Ein anderer aus dem Umfeld war Thomas Richter, der unter dem Namen »Corelli«, über Jahre dem Bundesamt zuarbeitete. Richter wollte eigentlich bereits 1994 aus der Naziszene aussteigen. Der Verfassungsschutz setzte ihn unter Druck und baute ihn schließlich zu einer Spitzenquelle aus. Als 2012 seine Tätigkeit für den Verfassungsschutz bekannt wurde, musste er abtauchen. 2014 starb er an einer Unterzuckerung. Bei der Untersuchung zu den Umständen seines Todes kam heraus, dass er dem Verfassungsschutz mehrere gebrannte CDs übergeben hat, auf denen auch das Stichwort NSU vermerkt war.

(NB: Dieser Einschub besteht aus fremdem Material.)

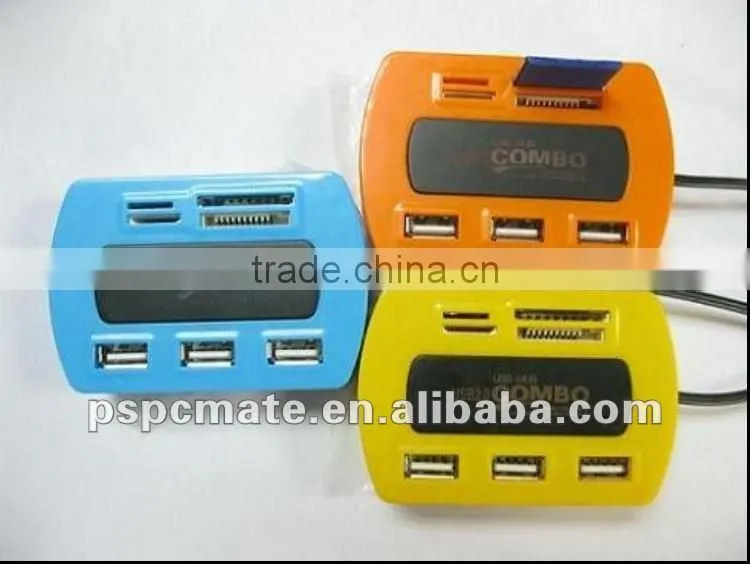 Hot design !!! usb hub combo card reader driver for SD ,TF ,usb with laser logo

Diese Beispiele genügen, um einige Probleme aufzuzeigen. Bis auf Thomas Richter waren alle Informanten der Ämter noch überzeugte Nazis. Ihr Ziel war und ist, den Staat zu bekämpfen und eine faschistische Diktatur zu errichten. Dafür waren und sind sie auch bereit, eine taktische Zusammenarbeit mit dem Staat einzugehen. Das Geld wird oft in den Aufbau der neonazistischen Strukturen gesteckt. Sie würden aber immer nur so viel erzählen wie sie es für richtig halten. Doch die Geheimdienste hegen sie, weil sie durch ihre Informationen den Innenministern gegenüber zeigen können, wie gut sie informiert sind und dass sie alles im Griff haben.

Dazu kommt der sogenannte Quellenschutz. Würde ein Informant verhaftet, fiele er an der Stelle aus, von der er Informationen liefert. Dadurch geraten die Ämter in die Lage, von Straftaten zu erfahren, sie aber der Polizei nicht weiter zu melden, um ihre Quellen zu schützen. Ich habe einmal die Präsidentin des Verfassungsschutzes Baden-Württemberg, Beate Bube, bei einer Diskussion gefragt, wie weit für sie dieser Quellenschutz gehe. Sie sagte, bei Mord höre es für sie auf. Alles bis zum Mord würde sie also decken.

Andere sehen offenbar sogar diese Grenze noch anders. Bei dem Mord an Halit Yozgat in Kassel war der Verfassungsschützer Andreas Temme direkt anwesend. Bis heute sind die Umstände dieses »Zufalls« nicht eindeutig geklärt.

Durch die Aufarbeitung der NSU Verbrechen ist deutlich geworden, dass das System der Informanten nicht geeignet ist, Nazis in den Griff zu bekommen. Deswegen sollte die Forderung nach Abschaltung aller V-Leute wieder verstärkt erhoben werden.